═══ SOURCE MATERIAL

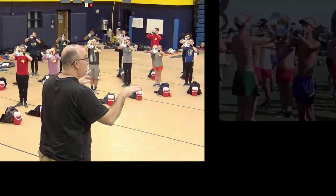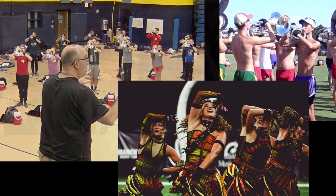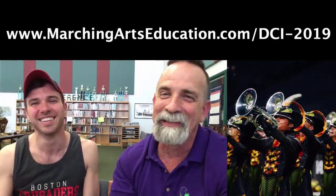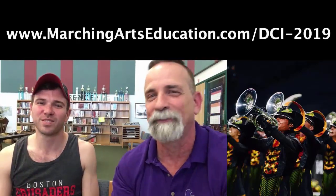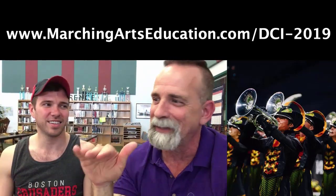Find other interviews and videos from top DCI designers, instructors, and marchers — behind-the-scenes videos, interviews, and podcasts from winter camps, spring training, traveling during the season, and performances — all at marchingartseducation.com/DCI-2019. The Marching Roundtable is proud to be an official media partner of Drum Corps International.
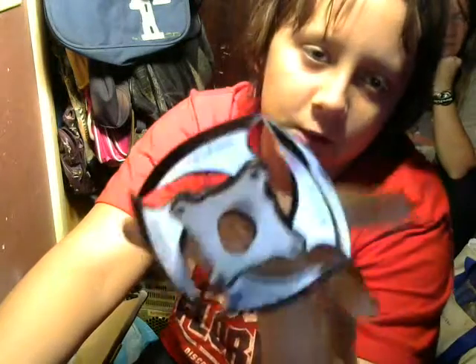Hey guys, ChrisTwitube here, and today we will be reviewing — I don't know the exact name — but I'm just gonna call it the Naruto Collapsible Shuriken, because that's pretty much what it is. Let's get into it.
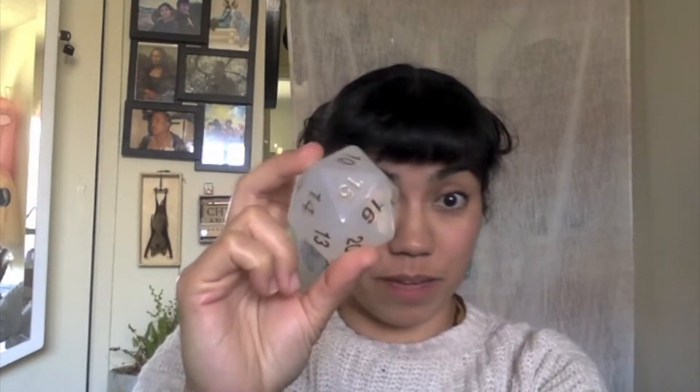Then there are objects that are translucent, which means that light can pass through them, but it scatters it so much that you can't really see things on the other side. For example, this cool 20-sided dice — you can see the light through it, but you can't see me through it.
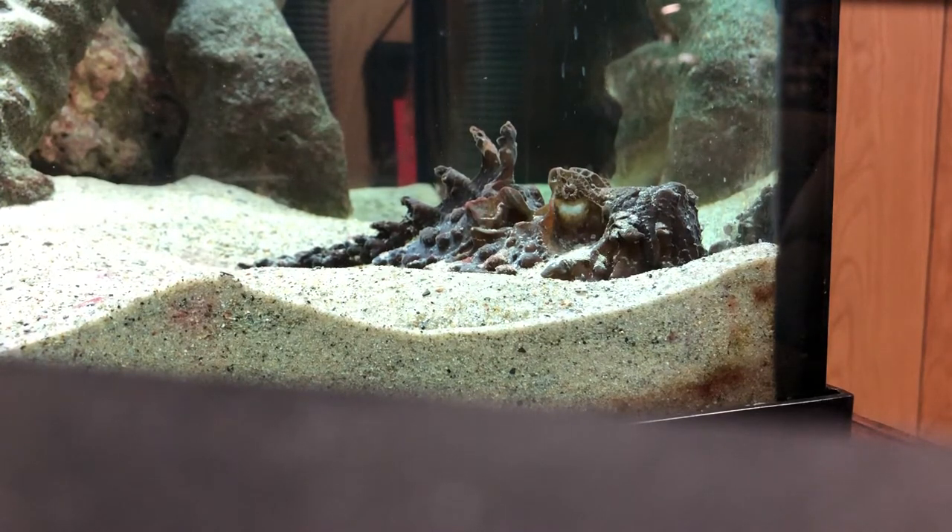I usually keep the water around 77 degrees, maybe a little bit higher sometimes, just so they have that same feel as when they are in Australia. Sometimes they do get caught up in the tides and are forced to live out of the water for some time, so they are used to that heat. That's why they do not have scales — they have more of a fleshy type skin to prevent burns and things like that.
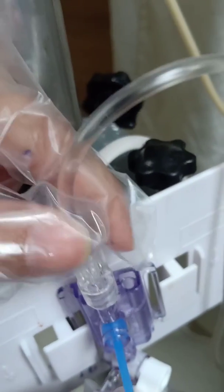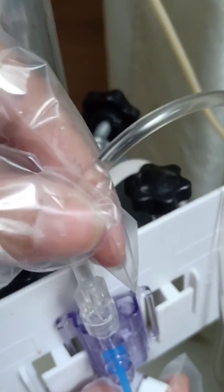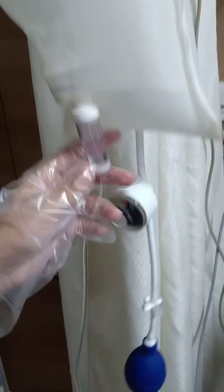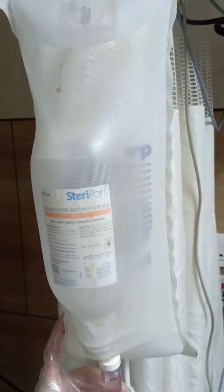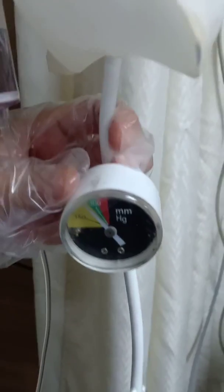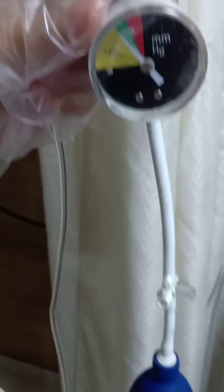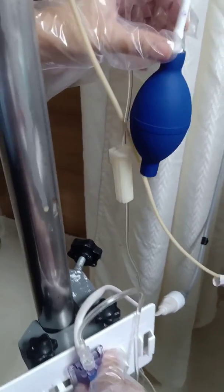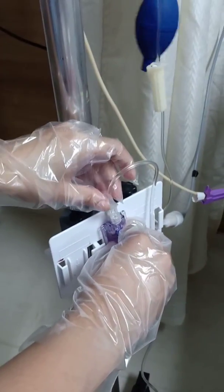From the transducer we can see two lines coming out. One is a white wire which connects to the monitor, and the other goes to a pressure bag. The pressure bag is needed because the arterial system is very high pressure — if we do not counter it with pressure from another side there could be back flow. This bag is inflated, and the inflation pressure is generally kept at 300 mmHg. This ensures that back flow would not occur, and also causes a continuous flush of fluid through the system.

══════

#### TASK INSTRUCTIONS
Locate the line containing "I usually keep" in the material above, then repeat it and every later line exactly, with no pictures.

#### RESPONSE TO THIS TASK
I usually keep the water around 77 degrees, maybe a little bit higher sometimes, just so they have that same feel as when they are in Australia. Sometimes they do get caught up in the tides and are forced to live out of the water for some time, so they are used to that heat. That's why they do not have scales — they have more of a fleshy type skin to prevent burns and things like that.
From the transducer we can see two lines coming out. One is a white wire which connects to the monitor, and the other goes to a pressure bag. The pressure bag is needed because the arterial system is very high pressure — if we do not counter it with pressure from another side there could be back flow. This bag is inflated, and the inflation pressure is generally kept at 300 mmHg. This ensures that back flow would not occur, and also causes a continuous flush of fluid through the system.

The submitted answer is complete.